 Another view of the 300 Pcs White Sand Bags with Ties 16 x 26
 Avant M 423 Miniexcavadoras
........
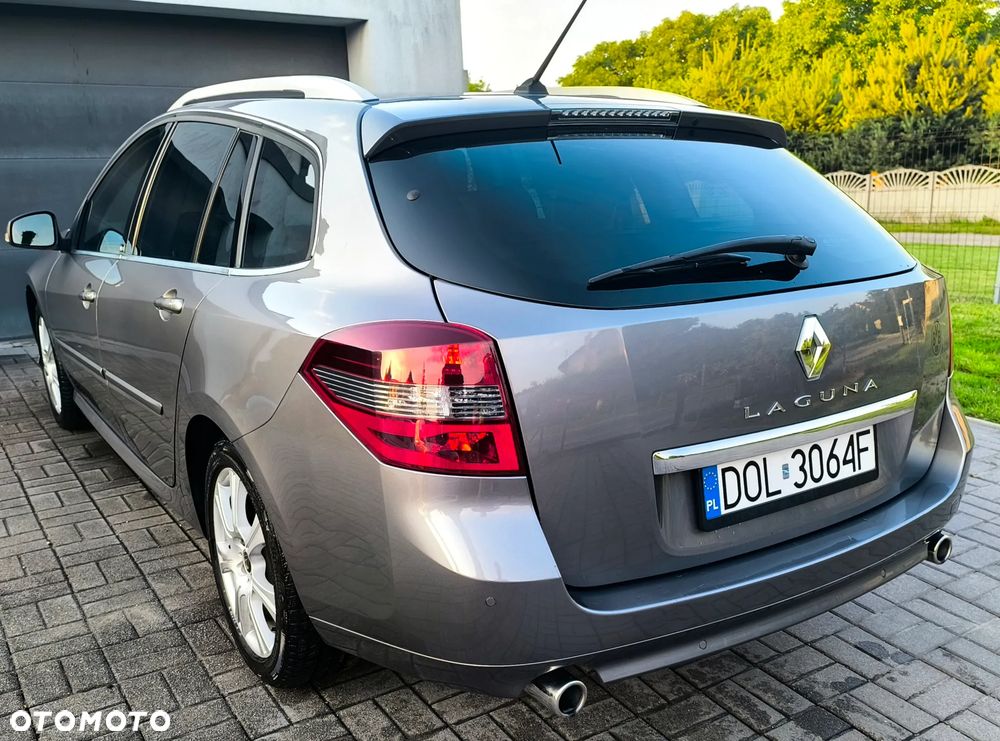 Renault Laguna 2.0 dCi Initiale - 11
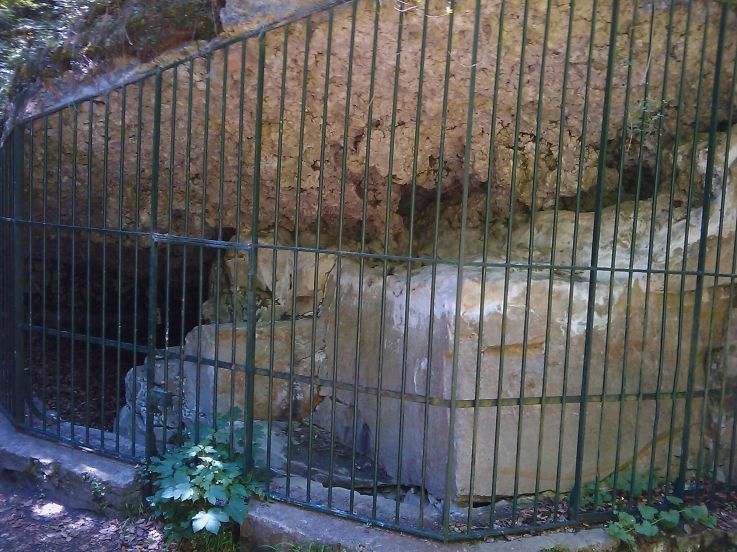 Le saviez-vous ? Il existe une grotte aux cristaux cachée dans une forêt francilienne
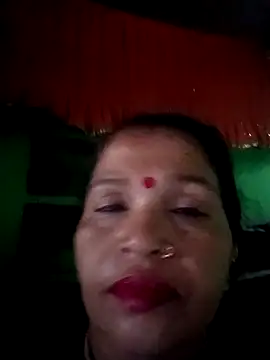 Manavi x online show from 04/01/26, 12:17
........
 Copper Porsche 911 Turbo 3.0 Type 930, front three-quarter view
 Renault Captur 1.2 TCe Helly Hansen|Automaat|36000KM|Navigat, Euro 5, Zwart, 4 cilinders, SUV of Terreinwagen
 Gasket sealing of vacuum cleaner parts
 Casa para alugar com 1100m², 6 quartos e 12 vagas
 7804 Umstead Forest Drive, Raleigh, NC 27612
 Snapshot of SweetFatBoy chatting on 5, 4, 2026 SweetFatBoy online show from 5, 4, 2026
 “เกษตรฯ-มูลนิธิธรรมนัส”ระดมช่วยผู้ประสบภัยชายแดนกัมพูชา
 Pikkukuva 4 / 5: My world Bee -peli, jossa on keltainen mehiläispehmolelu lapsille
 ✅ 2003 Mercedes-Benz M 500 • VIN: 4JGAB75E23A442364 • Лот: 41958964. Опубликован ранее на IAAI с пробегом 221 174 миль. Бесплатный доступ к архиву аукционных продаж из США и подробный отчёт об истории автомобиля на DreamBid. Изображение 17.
........
If a line in the records contains "view", report it.

▶ _ANSWER TO THIS EXERCISE_:
 Another view of the 300 Pcs White Sand Bags with Ties 16 x 26
 Copper Porsche 911 Turbo 3.0 Type 930, front three-quarter view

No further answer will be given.